Content starts

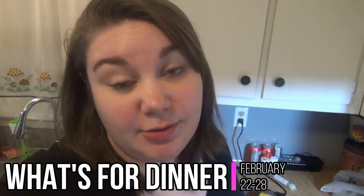Hey guys, welcome back to my channel and welcome back to another week of What's for Dinner. If you're new here, I do these every week, so make sure you subscribe so you can see them all the time. This is Andy, that's my husband — he's insane, making crazy faces.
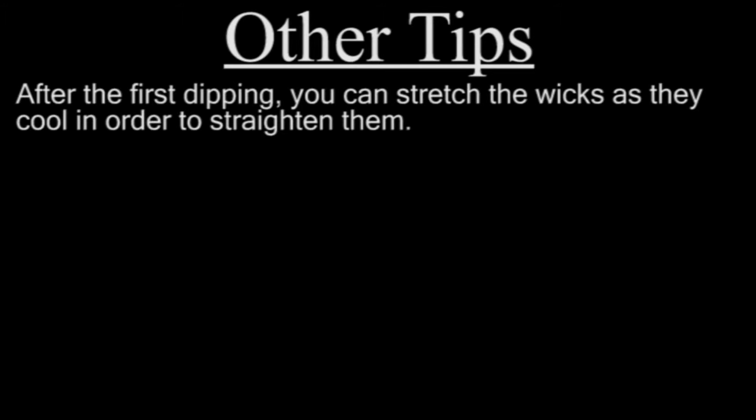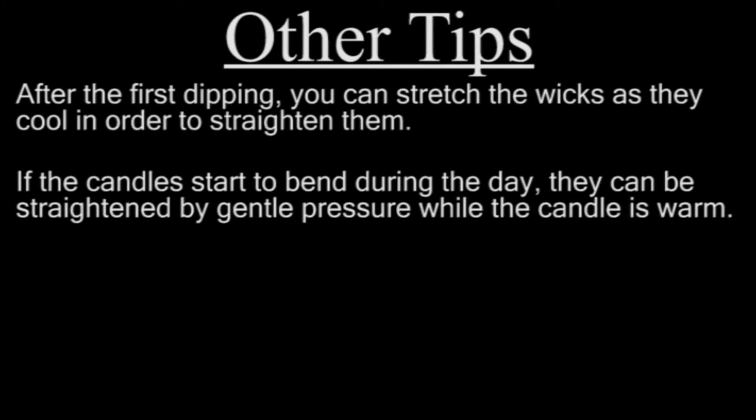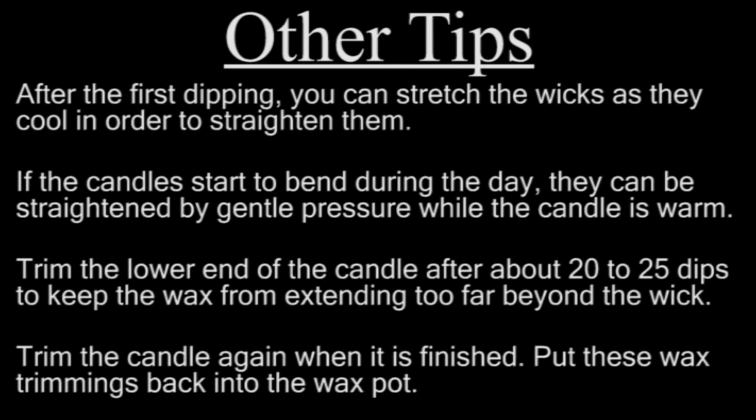Other tips to remember are as follows. After the first dipping, you can stretch the wicks as they cool in order to straighten them. If the candles start to bend during the day, they can be straightened by gentle pressure while the candle is warm. Trim the lower end of the candle after about 20 to 25 dips to keep the wax from extending too far beyond the wick. Trim the candle again when it is finished, and put these wax trimmings back into the wax pot.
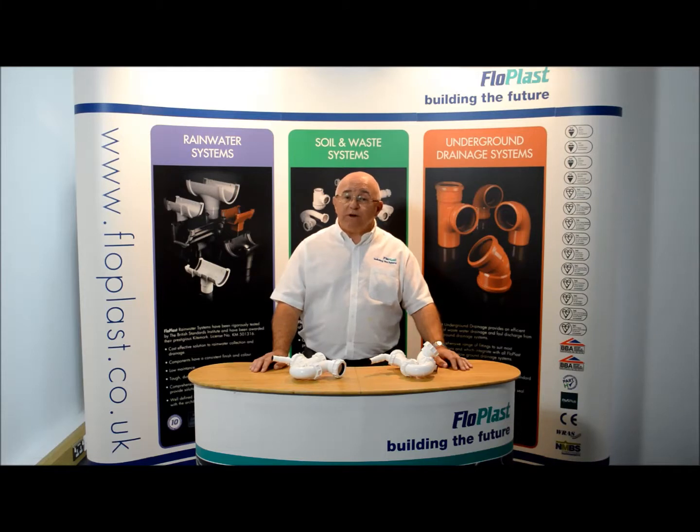FlowPlast produced six waste traps and three connectors that have the blanking plug as part of the product. And although it is printed on the packaging, the plug must be removed before attaching the outlet hose from a washing machine or dishwasher. If not, damage could result to the appliance.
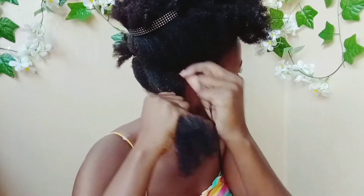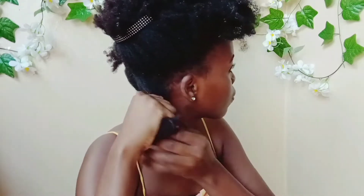Using a black yarn, I'm simply going to hold half of the yarn down with my hair and use the other half to wind it around the section all the way down.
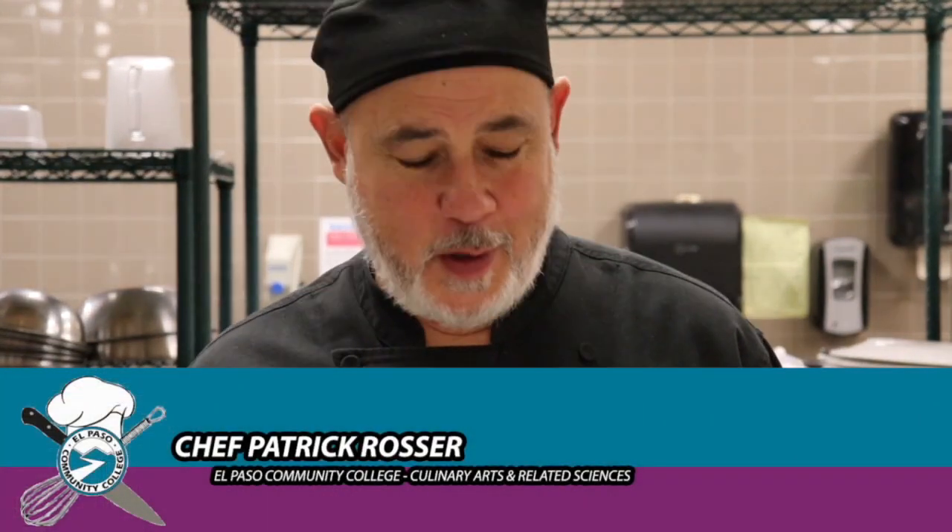Hi guys, welcome back to the Chef Cher series. Chef Rosser here again with you. This week we're going to be looking at traditional French mother sauces. The five mother sauces as we teach them here at EBCC are velouté and béchamel — those are two white sauces. Velouté has a stock base added to roux as a thickening agent. Béchamel is a milk base with roux as a thickening agent.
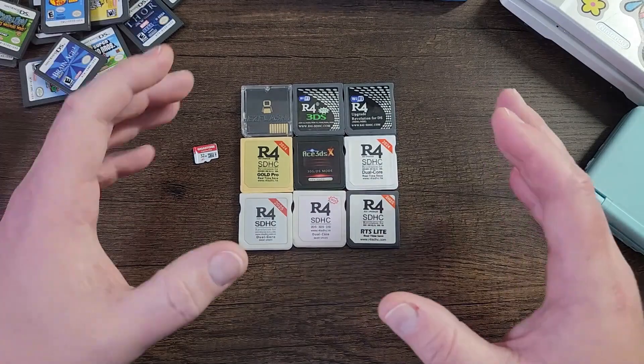Not a single one of these R4 cards that you see on the table plays 3DS games. People get confused about the 3DS logo or if it says 3DS on it — none of these cards play them. There is an actual flash card that plays 3DS games and you can search that if you want, which is also linked in the description. But if you're looking to play just DS games and some emulation, then get yourself a 32 gigabyte SD card. Gigastone is a great brand and I'll link an affiliate link for where you can buy them.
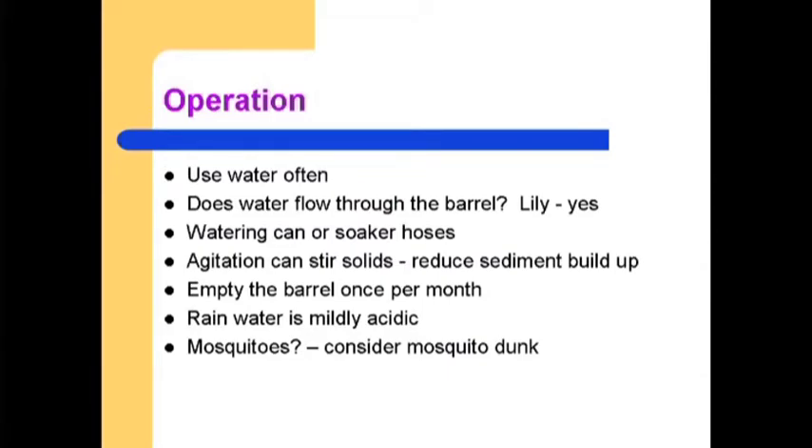Operation of the rain barrel: use water often. Part of the benefit of having a rain barrel is that in order for it to work, you have to use the water to provide volume for the next rainstorm. Some advice says once a week to keep the water from becoming stagnant. We've had water in there up to a month and it's been fine, but if you've got a lot of leaves and debris in your gutters and organic matter going into that water, it can present a problem.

Content ends

Task instructions:
Leave the pictures out and reproduce every record above exactly.

Reply to the task:
Hey guys, welcome back to my channel and welcome back to another week of What's for Dinner. If you're new here, I do these every week, so make sure you subscribe so you can see them all the time. This is Andy, that's my husband — he's insane, making crazy faces.
Other tips to remember are as follows. After the first dipping, you can stretch the wicks as they cool in order to straighten them. If the candles start to bend during the day, they can be straightened by gentle pressure while the candle is warm. Trim the lower end of the candle after about 20 to 25 dips to keep the wax from extending too far beyond the wick. Trim the candle again when it is finished, and put these wax trimmings back into the wax pot.
FlowPlast produced six waste traps and three connectors that have the blanking plug as part of the product. And although it is printed on the packaging, the plug must be removed before attaching the outlet hose from a washing machine or dishwasher. If not, damage could result to the appliance.
Using a black yarn, I'm simply going to hold half of the yarn down with my hair and use the other half to wind it around the section all the way down.
Hi guys, welcome back to the Chef Cher series. Chef Rosser here again with you. This week we're going to be looking at traditional French mother sauces. The five mother sauces as we teach them here at EBCC are velouté and béchamel — those are two white sauces. Velouté has a stock base added to roux as a thickening agent. Béchamel is a milk base with roux as a thickening agent.
Not a single one of these R4 cards that you see on the table plays 3DS games. People get confused about the 3DS logo or if it says 3DS on it — none of these cards play them. There is an actual flash card that plays 3DS games and you can search that if you want, which is also linked in the description. But if you're looking to play just DS games and some emulation, then get yourself a 32 gigabyte SD card. Gigastone is a great brand and I'll link an affiliate link for where you can buy them.
Operation of the rain barrel: use water often. Part of the benefit of having a rain barrel is that in order for it to work, you have to use the water to provide volume for the next rainstorm. Some advice says once a week to keep the water from becoming stagnant. We've had water in there up to a month and it's been fine, but if you've got a lot of leaves and debris in your gutters and organic matter going into that water, it can present a problem.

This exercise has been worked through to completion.